There are N characters in a string of types A and B in the array (same amount of each type). What is the minimal number of swaps to make sure that no two adjacent chars are same if we can only swap two adjacent characters ?
For example, input is:
AAAABBBB
The minimal number of swaps is 6 to make the array ABABABAB. But how would you solve it for any kind of input ? I can only think of O(N^2) solution. Maybe some kind of sort ?
If we need just to count swaps, then we can do it with O(N).
Let's assume for simplicity that array X of N elements should become ABAB... .
GetCount()
swaps = 0, i = -1, j = -1
for(k = 0; k < N; k++)
if(k % 2 == 0)
i = FindIndexOf(A, max(k, i))
X[k] <-> X[i]
swaps += i - k
else
j = FindIndexOf(B, max(k, j))
X[k] <-> X[j]
swaps += j - k
return swaps
FindIndexOf(element, index)
while(index < N)
if(X[index] == element) return index
index++
return -1; // should never happen if count of As == count of Bs
Basically, we run from left to right, and if a misplaced element is found, it gets exchanged with the correct element (e.g. abBbbbA** --> abAbbbB**) in O(1). At the same time swaps are counted as if the sequence of adjacent elements would be swapped instead. Variables i and j are used to cache indices of next A and B respectively, to make sure that all calls together of FindIndexOf are done in O(N).
If we need to sort by swaps then we cannot do better than O(N^2).
The rough idea is the following. Let's consider your sample: AAAABBBB. One of Bs needs O(N) swaps to get to the A B ... position, another B needs O(N) to get to A B A B ... position, etc. So we get O(N^2) at the end.
Observe that if any solution would swap two instances of the same letter, then we can find a better solution by dropping that swap, which necessarily has no effect. An optimal solution therefore only swaps differing letters.
Let's view the string of letters as an array of indices of one kind of letter (arbitrarily chosen, say A) into the string. So AAAABBBB would be represented as [0, 1, 2, 3] while ABABABAB would be [0, 2, 4, 6].
We know two instances of the same letter will never swap in an optimal solution. This lets us always safely identify the first (left-most) instance of A with the first element of our index array, the second instance with the second element, etc. It also tells us our array is always in sorted order at each step of an optimal solution.
Since each step of an optimal solution swaps differing letters, we know our index array evolves at each step only by incrementing or decrementing a single element at a time.
An initial string of length n = 2k will have an array representation A of length k. An optimal solution will transform this array to either
ODDS = [1, 3, 5, ... 2k]
or
EVENS = [0, 2, 4, ... 2k - 1]
Since we know in an optimal solution instances of a letter do not pass each other, we can conclude an optimal solution must spend min(abs(ODDS[0] - A[0]), abs(EVENS[0] - A[0])) swaps to put the first instance in correct position.
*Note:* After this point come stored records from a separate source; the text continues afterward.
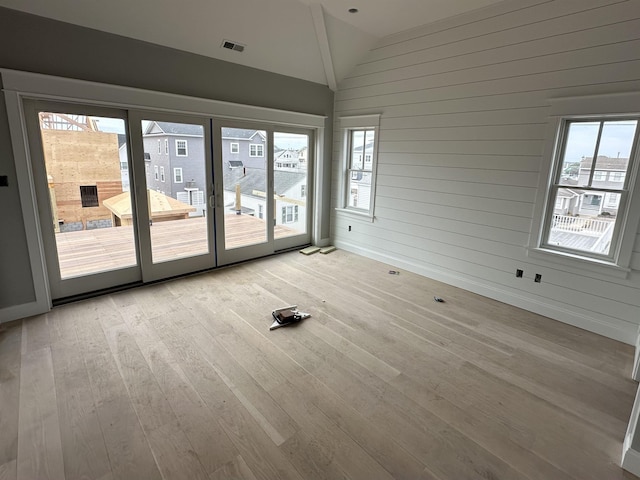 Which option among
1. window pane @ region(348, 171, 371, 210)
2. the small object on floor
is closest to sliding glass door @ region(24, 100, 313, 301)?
window pane @ region(348, 171, 371, 210)

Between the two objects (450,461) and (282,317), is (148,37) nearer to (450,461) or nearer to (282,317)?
(282,317)

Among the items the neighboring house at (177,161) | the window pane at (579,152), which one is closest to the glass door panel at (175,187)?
the neighboring house at (177,161)

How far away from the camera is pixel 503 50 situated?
11.9 ft

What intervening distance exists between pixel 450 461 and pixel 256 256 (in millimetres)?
3915

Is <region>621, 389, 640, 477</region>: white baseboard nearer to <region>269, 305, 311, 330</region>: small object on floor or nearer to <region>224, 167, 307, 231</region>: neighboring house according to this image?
<region>269, 305, 311, 330</region>: small object on floor

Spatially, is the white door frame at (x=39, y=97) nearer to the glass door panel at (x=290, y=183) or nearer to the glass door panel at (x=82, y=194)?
the glass door panel at (x=82, y=194)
By realizing the EVENS or ODDS choice is made only once (not once per letter instance), and summing across the array, we can count the minimum number of needed swaps as
define count_swaps(length, initial, goal)
total = 0
for i from 0 to length - 1
total += abs(goal[i] - initial[i])
end
return total
end
define count_minimum_needed_swaps(k, A)
return min(count_swaps(k, A, EVENS), count_swaps(k, A, ODDS))
end
Notice the number of loop iterations implied by count_minimum_needed_swaps is 2 * k = n; it runs in O(n) time.
By noting which term is smaller in count_minimum_needed_swaps, we can also tell which of the two goal states is optimal.
Since you know N, you can simply write a loop that generates the values with no swaps needed.
#define N 4
char array[N + N];
for (size_t z = 0; z < N + N; z++)
{
array[z] = 'B' - ((z & 1) == 0);
}
return 0; // The number of swaps
#Nemo and #AlexD are right. The algorithm is order n^2. #Nemo misunderstood that we are looking for a reordering where two adjacent characters are not the same, so we can not use that if A is after B they are out of order.
Lets see the minimum number of swaps.
We dont care if our first character is A or B, because we can apply the same algorithm but using A instead of B and viceversa everywhere. So lets assume that the length of the word WORD_N is 2N, with N As and N Bs, starting with an A. (I am using length 2N to simplify the calculations).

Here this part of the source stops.